Kasian Architecture Interior Design and Planning is the prime consultant for EPCOR Tower, with AECOM serving as lead (structural, mechanical, electrical and civil) engineering consultant. Other consultants include: Building Science Engineering (building envelope), Integrated Designs (energy modelling), Leber Rubes (building code), Bunt and Associates (transportation), EIDOS Consultants (landscape architecture) and Stantec (LEED commissioning).
Rather than bringing aboard some consultants later in the design process, Ken Cantor, commercial manager at Qualico, explains that “one of the most forward-looking things we did was to engage a full design team early on in the process. We had all the team members at the table at the beginning.”

Green features include earth tubes
With its strong commitment to sustainability, EPCOR insisted that its new headquarters should meet at least LEED Silver accreditation. That standard has been exceeded in most areas, says Cantor, and LEED Gold is anticipated. Canada’s selection team for International Initiative for a Sustainable Built Environment (iiSBE) has picked EPCOR Tower as a poster project for next year’s Sustainable Buildings 2011, in Helsinki, Finland.
Not only did the anchor tenant seek a green design, but, Cantor notes, other factors “allowed us to do some interesting things.” Notably, the tower is directly above the easement of an expansion (26 metres below grade) of Edmonton’s light-rail transit system. While the tower design accommodates a four-level parkade with 913-stalls, the designers decided to lower the raft foundation to just above the base slab of the LRT cavity. The 3,800-cu. m concrete raft slab (resulting from a 16-hour continuous concrete pour) created a void space below the parkade. This space accommodates earth tubes, which provide heat transfer to pre-cool and pre-heat the building’s outdoor air. These and other energy-saving measures, states AECOM’s Jillian Pederson, P.Eng., mean “the building is expected to achieve a 28.8%. energy-cost savings and a 41.4% energy savings compared to ASHRAE Standard 90.1.”
Besides earth tubes, the void also houses a tank for stormwater storage, for reuse in the building’s recycled water system.
Intervening technical changes, plus evolving environmental expectations have added demands on designers since Edmonton’s last comparable office tower took shape.
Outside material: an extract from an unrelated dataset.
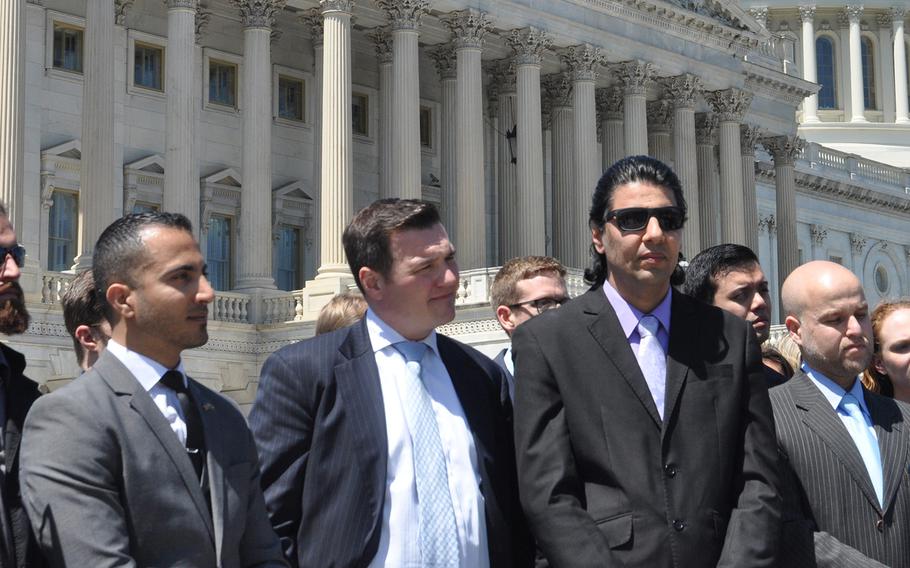 Former Iraqi interpreter Maytham Alshadood, left, No One Left Behind CEO Matt Zeller, center, and former Afghan interpreter Janis Shinwari stand outside the U.S. Capitol on Thursday, April 26, 2018, where they joined with dozens of veterans calling on Congress to keep the special immigrant visa program going.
But some expectations have eased, as AECOM’s Andy Smith, P.Eng., explains: “When the Commerce Place tower was designed 23 years ago, building codes had evolved to the point that seismic design and detailing was a consideration for the Edmonton region/”
An update to the building codes in 2006, however, saw this requirement substantially reduced, and for sites in the Edmonton region that receive a Class C designation, seismicity is not a design consideration.

Nordahl Flakstadt is a freelance writer based in Edmonton.